1. (…), solteira, maior, residente na Rua (…), nº 14, Sitio da (…), (…), Alvor, na qualidade de arrendatária do prédio urbano sito em (…), Rua (…), nº 1, inscrito na matriz predial urbana da freguesia de Alvor sob o nº (…) e descrito na Conservatória do Registo Predial de Portimão sob nº (…)/20010601, objeto de venda em leilão eletrónico, na execução com processo sumário em que é exequente Banque (…), Sucursal em Portugal e executado (…), veio requer: (i) a sua admissão nos autos como interessada, na qualidade de arrendatária e preferente na venda, (ii) que seja considerada nula a sua citação para exercer o direito de preferência, por manifesta insuficiência de endereço, (iii) que seja considerada nula a venda judicial e, caso assim não se entenda, (iv) seja admitida a exercer o direito de preferência, devendo o agente de execução dar cumprimento à notificação para a mesma depositar o remanescente do preço, bem como para dar cumprimento às obrigações fiscais inerentes à transação, no prazo legal.

Juntou cheque visado à ordem do Sr. agente de execução, no montante de € 6.618,26.

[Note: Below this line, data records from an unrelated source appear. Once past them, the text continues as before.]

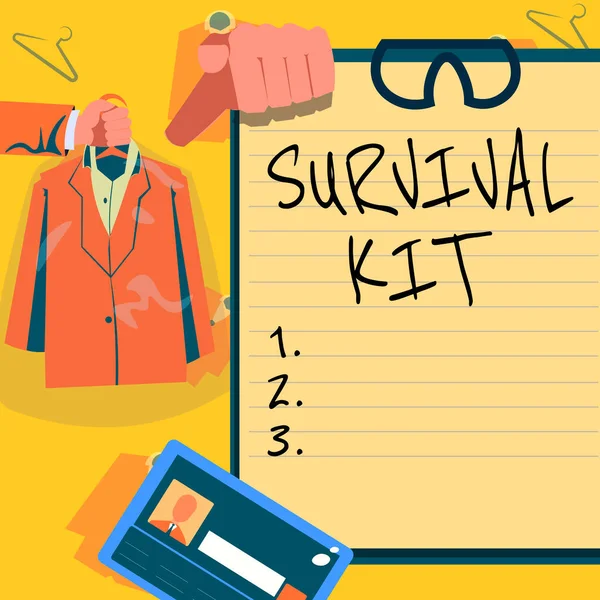 Escribir mostrando texto Survival Kit. Word Written on Equipo de Emergencia Colección de artículos para ayudar a alguien que sostiene uniformes Mostrando nuevas oportunidades de carrera abierta. — Foto de Stock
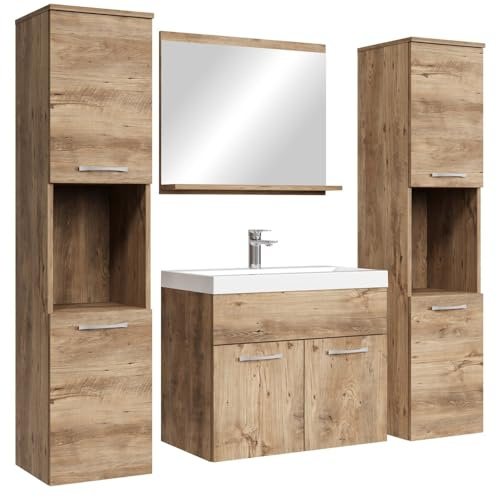 Badplaats badrumsmöbler komplett set Montreal XL 60 x 35 cm kastanjeek – badrumsmöbler med handfat, spegel och 2 badrumsskåp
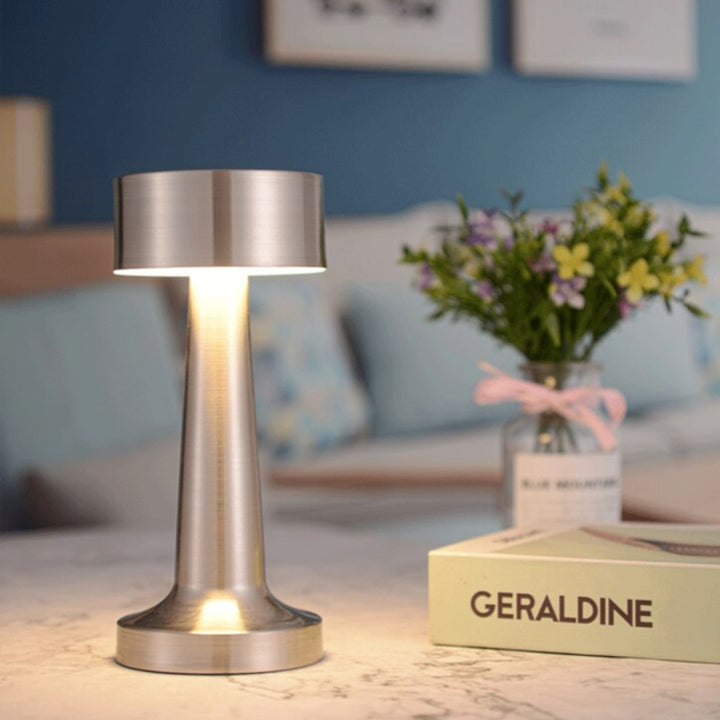 Modern Dimmerable Table Lamp - Victor-Gold-Cylinder-The Livary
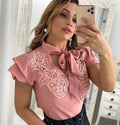 Blusa Feminina De Laço com Guipir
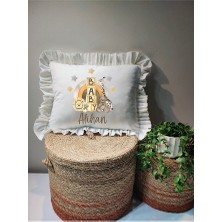 Moda Lime Isme Özel Baskılı Fırfırlı Bebek Dolgulu Yastık Hediyelik (Takı Yastığı Olarakta Kullanılabilir)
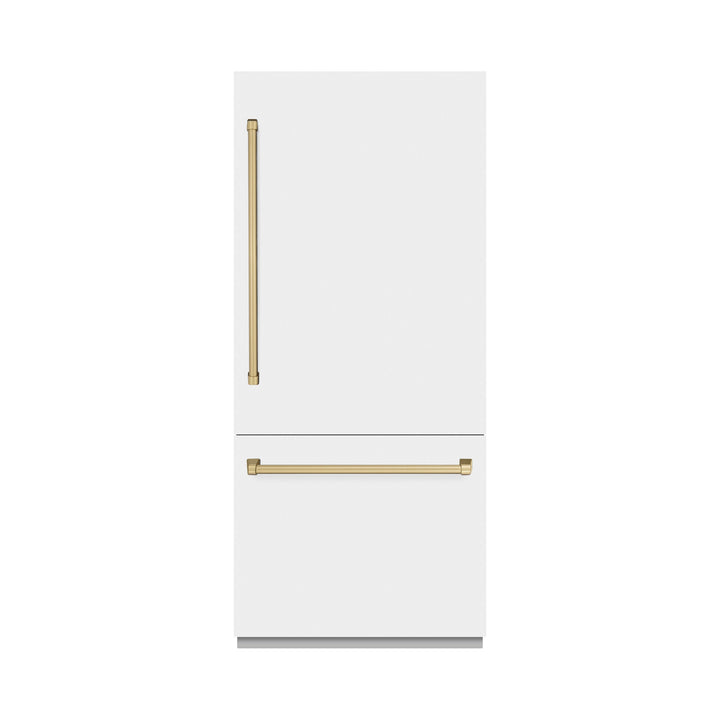 ZLINE Autograph Edition 36 in. 19.8 cu. ft. Built-In Bottom Freezer Refrigerator with Water Dispenser and Ice Maker in White Matte and Champagne Bronze Accents (RBITZ-WM-36-CB)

2. Seguiu-se o seguinte despacho:

“Ao contrário do pretendido pela Requerente, na qualidade de arrendatária do imóvel arrematado em leilão eletrónico, a mesma foi devidamente notificada quer da colocação do imóvel em leilão, quer do resultado deste.

Assim o confirmam os documentos apresentados pelo Sr. Agente de Execução cartas de fls. 432 e 436.

As notificações em causa só não foram recebidas pela Requerente porque, em primeiro lugar, esta não atendeu o funcionário dos CTT (repare-se no carimbo dos CTT de fls. 435 e 441); em segundo lugar, porque nem sequer se deslocou ao balcão dos CTT, em data posterior, para proceder ao levantamento da correspondência (cfr. fls. 435 e 441), acabando estas devolvidas ao remetente.

Nem pretenda a Requerente dizer que "a citação é nula por ter sido enviada para morada errada ou incompleta". É que o funcionário dos CTT, por duas vezes, bateu-lhe à porta para, pessoalmente, a notificar, nunca tendo lavrado nos autos informação de "morada insuficiente" ou "morada desconhecida".

A notificação é plenamente eficaz – artigo 224.º, n.º 2, do Código Civil.

Não são de prover, por isso, as requeridas declarações de nulidade da sua notificação como preferente e da venda judicial realizadas.

Quanto ao exercício do direito de preferência:

A notificação do resultado do leilão teve lugar a 06 de Julho de 2017.

Em 13 de Julho, ou seja, nos 15 dias subsequentes, a Requerente veio apresentar-se a exercer o direito de preferência.

Todavia, e olvidando o cumprimento do disposto no artigo 824.º, nº 2, do Código de Processo Civil, não procedeu ao depósito da quantia oferecida pela arrematação.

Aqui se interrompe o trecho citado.